What it's about: Robin Williams was one of the most beloved comedic actors of his generation. His career was full of ups and downs, personal highs and tragedies. From his early days as a unique stand-up comedian who relied on characters and energy more than punchlines through his breakout on TV's Mork and Mindy, his early struggles breaking into Hollywood and his success in childhood classics and dramatic work, his life is fully explored through his own words and with the help of the friends and family that knew the real Robin Williams the best.
Marina Zenovich's Robin Williams: Come Inside My Mind is a standard but solid biographical documentary of an artistic legend. If you love Robin Williams as many do, you'll greatly enjoy the wall-to-wall footage of him on stage, behind the scenes, and in the entertainments that you love. If you are indifferent to or largely unfamiliar with Robin Williams, you'll learn a bit about him and understand why so many love him.
Though the lows are fully explored, Come Inside My Mind's goal isn't to challenge or shake up anyone's perception of him. This is a fully loving, intimate journey through his personality.

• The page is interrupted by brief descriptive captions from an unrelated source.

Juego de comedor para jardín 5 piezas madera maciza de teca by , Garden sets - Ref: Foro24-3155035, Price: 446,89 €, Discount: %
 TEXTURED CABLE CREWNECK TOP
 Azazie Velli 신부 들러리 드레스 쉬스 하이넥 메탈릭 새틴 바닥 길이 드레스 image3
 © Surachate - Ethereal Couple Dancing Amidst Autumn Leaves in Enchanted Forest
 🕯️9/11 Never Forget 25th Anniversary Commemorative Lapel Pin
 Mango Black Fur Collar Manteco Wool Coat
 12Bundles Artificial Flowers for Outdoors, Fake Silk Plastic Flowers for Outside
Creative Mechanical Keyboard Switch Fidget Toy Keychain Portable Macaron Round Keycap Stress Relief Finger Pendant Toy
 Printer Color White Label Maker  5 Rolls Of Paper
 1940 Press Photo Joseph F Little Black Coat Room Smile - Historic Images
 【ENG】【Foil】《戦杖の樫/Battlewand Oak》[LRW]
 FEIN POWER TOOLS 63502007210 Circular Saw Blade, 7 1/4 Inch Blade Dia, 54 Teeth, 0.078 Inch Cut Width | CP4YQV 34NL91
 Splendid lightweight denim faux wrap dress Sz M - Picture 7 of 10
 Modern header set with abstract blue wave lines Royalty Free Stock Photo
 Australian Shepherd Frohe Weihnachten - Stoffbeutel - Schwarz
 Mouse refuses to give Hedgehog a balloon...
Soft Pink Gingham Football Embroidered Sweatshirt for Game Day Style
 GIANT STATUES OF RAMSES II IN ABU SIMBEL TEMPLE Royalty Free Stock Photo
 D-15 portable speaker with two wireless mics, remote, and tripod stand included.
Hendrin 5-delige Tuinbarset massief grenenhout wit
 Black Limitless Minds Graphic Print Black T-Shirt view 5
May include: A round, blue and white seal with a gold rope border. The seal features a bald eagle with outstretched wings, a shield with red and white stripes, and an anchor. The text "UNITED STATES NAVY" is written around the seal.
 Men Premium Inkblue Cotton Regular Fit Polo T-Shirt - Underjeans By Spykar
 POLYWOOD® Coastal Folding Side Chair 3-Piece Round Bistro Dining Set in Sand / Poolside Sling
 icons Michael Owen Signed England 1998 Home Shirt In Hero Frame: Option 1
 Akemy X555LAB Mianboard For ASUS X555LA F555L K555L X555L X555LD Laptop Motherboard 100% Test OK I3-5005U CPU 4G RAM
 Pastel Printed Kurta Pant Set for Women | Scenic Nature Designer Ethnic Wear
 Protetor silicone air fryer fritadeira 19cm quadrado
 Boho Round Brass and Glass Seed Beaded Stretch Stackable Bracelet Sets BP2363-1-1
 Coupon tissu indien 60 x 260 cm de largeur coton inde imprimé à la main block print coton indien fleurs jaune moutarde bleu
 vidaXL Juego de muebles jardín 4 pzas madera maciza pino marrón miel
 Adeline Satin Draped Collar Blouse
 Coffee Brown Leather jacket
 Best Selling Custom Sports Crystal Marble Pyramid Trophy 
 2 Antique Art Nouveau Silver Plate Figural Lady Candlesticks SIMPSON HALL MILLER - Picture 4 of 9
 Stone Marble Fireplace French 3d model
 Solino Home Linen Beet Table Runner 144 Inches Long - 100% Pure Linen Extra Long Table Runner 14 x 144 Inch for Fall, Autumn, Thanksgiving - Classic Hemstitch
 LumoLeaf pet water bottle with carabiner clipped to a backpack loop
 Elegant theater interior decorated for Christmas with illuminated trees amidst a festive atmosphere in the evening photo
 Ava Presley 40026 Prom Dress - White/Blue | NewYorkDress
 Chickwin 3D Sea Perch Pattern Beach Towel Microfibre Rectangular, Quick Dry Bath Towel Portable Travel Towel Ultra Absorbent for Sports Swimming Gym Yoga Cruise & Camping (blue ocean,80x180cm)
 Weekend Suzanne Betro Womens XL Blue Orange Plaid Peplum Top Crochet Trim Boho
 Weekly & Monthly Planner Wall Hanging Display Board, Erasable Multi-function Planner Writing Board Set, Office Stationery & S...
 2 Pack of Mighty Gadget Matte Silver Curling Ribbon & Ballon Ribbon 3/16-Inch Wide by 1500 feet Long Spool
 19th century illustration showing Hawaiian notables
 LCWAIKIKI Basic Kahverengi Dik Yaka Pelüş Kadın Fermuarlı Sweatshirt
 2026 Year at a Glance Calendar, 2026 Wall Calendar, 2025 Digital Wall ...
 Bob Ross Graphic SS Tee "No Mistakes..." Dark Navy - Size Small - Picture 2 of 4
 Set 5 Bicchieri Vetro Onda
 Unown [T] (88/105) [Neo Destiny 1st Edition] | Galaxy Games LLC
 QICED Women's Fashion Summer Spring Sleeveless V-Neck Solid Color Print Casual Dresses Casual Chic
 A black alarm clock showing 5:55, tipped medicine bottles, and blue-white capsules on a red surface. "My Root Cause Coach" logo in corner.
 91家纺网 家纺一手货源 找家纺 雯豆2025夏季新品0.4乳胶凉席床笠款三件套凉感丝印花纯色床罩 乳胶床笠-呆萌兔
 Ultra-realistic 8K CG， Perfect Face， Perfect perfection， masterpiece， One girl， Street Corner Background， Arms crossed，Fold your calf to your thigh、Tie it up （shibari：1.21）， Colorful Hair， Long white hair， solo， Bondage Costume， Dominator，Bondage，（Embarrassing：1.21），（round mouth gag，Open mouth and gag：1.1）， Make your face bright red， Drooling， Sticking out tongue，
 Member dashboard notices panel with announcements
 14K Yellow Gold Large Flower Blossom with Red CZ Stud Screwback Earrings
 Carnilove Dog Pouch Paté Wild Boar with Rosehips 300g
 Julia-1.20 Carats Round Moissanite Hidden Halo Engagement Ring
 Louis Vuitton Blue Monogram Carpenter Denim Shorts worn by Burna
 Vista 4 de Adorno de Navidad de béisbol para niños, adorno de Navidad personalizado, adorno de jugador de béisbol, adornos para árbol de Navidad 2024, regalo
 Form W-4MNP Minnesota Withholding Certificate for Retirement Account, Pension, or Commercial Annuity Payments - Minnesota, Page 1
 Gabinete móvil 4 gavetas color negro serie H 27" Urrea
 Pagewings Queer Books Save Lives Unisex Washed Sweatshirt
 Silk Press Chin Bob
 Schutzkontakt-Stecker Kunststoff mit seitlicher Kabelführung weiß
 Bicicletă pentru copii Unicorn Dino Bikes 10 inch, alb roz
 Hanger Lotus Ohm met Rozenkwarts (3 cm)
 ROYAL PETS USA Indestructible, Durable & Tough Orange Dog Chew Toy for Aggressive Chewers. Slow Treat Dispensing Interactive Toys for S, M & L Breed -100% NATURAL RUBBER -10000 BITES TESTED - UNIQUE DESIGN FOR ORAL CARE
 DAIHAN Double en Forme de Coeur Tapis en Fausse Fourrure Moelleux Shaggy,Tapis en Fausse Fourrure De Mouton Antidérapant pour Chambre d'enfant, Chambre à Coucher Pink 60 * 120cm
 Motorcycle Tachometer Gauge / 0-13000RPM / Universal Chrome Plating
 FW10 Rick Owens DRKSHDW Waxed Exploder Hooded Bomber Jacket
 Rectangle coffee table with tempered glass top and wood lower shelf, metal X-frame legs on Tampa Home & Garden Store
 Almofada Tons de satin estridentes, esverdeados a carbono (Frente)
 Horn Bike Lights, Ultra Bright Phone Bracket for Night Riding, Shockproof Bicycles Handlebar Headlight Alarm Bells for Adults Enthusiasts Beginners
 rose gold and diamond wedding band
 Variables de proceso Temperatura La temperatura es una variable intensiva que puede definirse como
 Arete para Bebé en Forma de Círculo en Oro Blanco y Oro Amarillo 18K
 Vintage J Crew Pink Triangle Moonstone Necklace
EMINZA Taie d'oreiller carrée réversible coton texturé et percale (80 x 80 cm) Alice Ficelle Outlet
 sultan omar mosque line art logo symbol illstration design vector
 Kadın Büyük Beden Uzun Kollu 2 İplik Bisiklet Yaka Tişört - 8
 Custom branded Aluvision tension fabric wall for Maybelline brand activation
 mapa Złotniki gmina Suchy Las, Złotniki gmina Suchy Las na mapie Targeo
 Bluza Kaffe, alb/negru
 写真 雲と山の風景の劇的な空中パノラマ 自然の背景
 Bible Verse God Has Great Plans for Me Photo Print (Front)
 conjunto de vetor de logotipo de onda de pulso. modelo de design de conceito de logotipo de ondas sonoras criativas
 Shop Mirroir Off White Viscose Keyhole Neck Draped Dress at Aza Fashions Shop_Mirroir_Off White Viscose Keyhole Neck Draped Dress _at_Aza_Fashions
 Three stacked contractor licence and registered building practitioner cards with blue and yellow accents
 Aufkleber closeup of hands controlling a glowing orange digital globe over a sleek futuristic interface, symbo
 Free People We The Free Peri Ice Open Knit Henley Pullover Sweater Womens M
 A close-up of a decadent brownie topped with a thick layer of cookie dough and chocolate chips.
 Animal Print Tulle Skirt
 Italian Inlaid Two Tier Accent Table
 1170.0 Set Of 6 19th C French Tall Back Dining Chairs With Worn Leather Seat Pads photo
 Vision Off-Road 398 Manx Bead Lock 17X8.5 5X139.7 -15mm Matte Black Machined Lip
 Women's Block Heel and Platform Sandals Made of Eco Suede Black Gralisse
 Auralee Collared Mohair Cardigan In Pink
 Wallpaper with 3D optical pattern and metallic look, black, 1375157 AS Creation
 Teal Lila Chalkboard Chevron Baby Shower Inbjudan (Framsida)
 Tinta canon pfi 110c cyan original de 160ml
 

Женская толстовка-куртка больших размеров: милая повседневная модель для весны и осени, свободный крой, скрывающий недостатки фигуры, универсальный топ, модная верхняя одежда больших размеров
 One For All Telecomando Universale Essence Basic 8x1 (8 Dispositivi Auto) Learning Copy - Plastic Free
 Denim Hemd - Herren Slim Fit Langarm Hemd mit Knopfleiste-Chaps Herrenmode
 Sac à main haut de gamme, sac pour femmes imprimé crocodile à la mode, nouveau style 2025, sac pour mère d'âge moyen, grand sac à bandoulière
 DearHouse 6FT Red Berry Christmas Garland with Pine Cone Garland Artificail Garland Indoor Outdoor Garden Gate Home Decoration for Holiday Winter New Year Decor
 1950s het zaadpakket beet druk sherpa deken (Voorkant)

Even before the title flashes on screen there is footage from all the following sources: Inside the Actor's Studio, an appearance on David Letterman, stand-up from what appears to be a different late night talk show, Awakenings, and Whose Line Is It Anyway?. The breadth of his appearances on television and in films really drives home just how ubiquitous he was. And that's ignoring all the headlining credits one would first mention.
About 13 minutes into Come Inside My Mind and the only voice-over is from Robin Williams from archival footage or interviews he conducted later in his life. It is actually a little disappointing when it shifts to a college friend talking about Robin. Obviously, others' perspectives are so important to building the picture of his life but I began hoping that the film tried for that extra degree of narrative difficulty.
Robin's first wife is a major talking head contributor throughout the film, especially in the period where the main narrative was how many drugs he was doing and how many women he was sleeping with. Interestingly, she doesn't have a bad thing to say about him, even during this period. In a way, that's basically the tone of Come Inside My Mind.
Even when we see Williams in an angry or sad rant, [playfully] antagonizing his co-workers, talking about serious issues, it is always delivered with a positive energy.
Come Inside My Mind is made up of more out-takes than actual footage from his work. We've all seen the films and television he's done so the off-the-cut bits improvising as Genie or using colorful language as Mork is much more interesting. It is these moments that capture Robin's personality and what the film wants to celebrate.
There is more time spent on his Critics' Choice loss for One Hour Photo [in a three-man field where Daniel Day-Lewis and Jack Nicholson tied for the win] than anything involving the Academy Award he won. Watching Williams being brought on the stage by Nicholson and going on a vulgar impersonation of his victor is again more indicative of what Come Inside My Mind chooses to explore.
This marks the second time this year [unofficial count] where Koko the gorilla meets an entertainment icon. Big year for Koko.